= Beginning of Section =

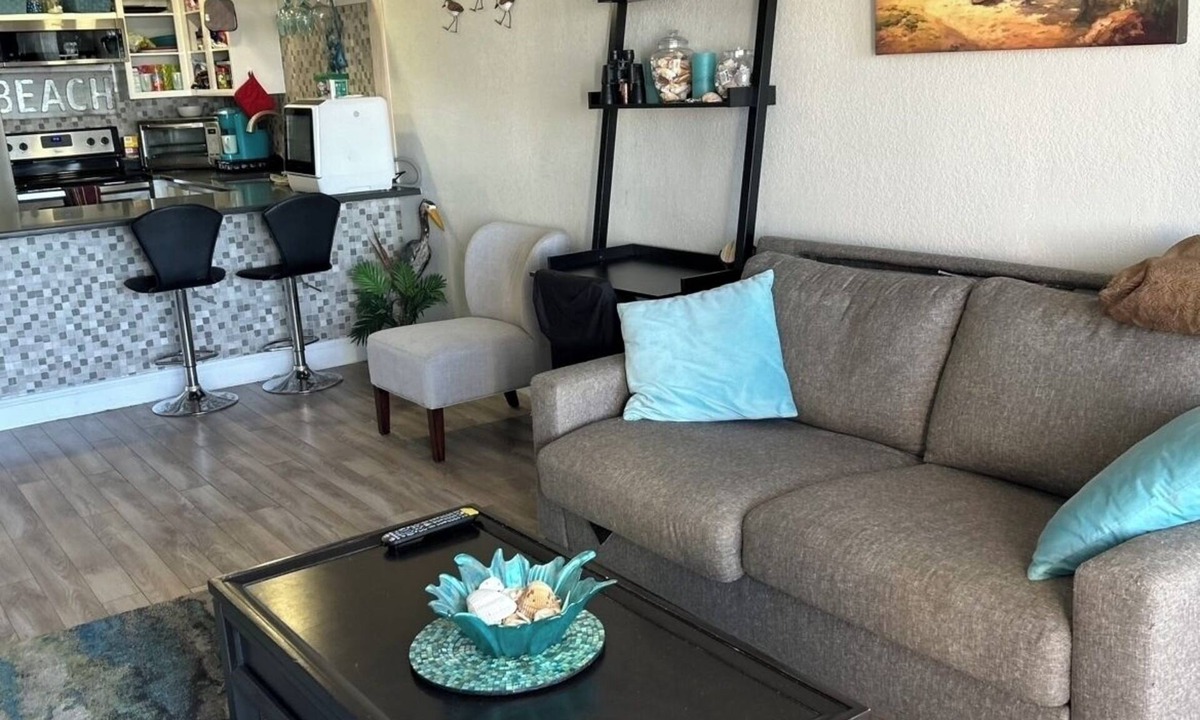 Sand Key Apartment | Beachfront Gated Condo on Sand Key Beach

= End of Section =
= Beginning of Section =

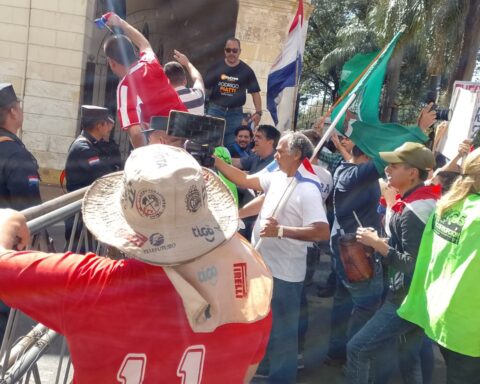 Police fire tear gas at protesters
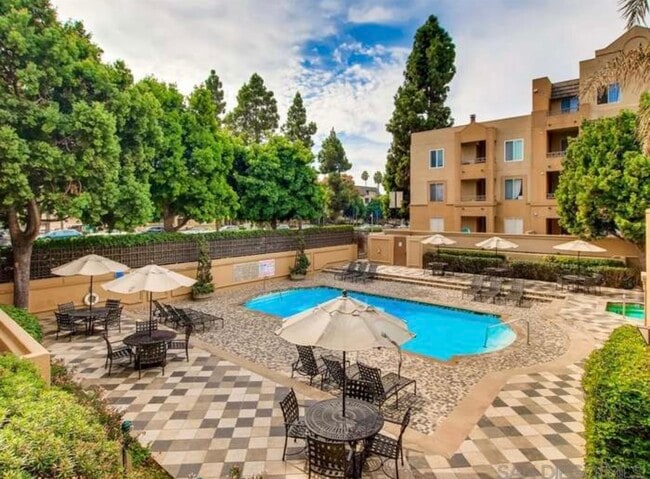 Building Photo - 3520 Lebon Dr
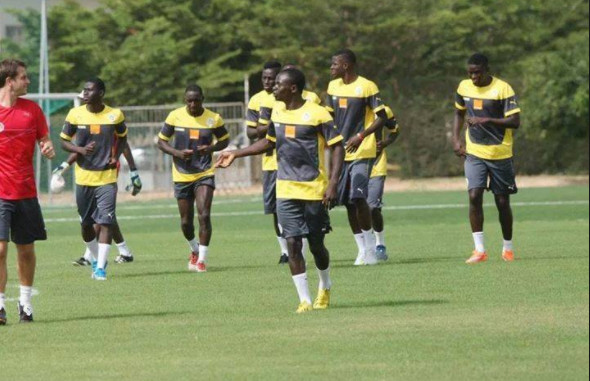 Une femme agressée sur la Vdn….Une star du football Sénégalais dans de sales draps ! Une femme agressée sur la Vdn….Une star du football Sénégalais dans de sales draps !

= End of Section =

• **WHAT TO DO**
In the entries above, every line from the line with "Building Photo - 3520 Lebon Dr" to the line with "draps ! Une" is to be printed exactly, with both ends included and pictures excluded.

• **FINISHED EXERCISE**
 Building Photo - 3520 Lebon Dr
 Une femme agressée sur la Vdn….Une star du football Sénégalais dans de sales draps ! Une femme agressée sur la Vdn….Une star du football Sénégalais dans de sales draps !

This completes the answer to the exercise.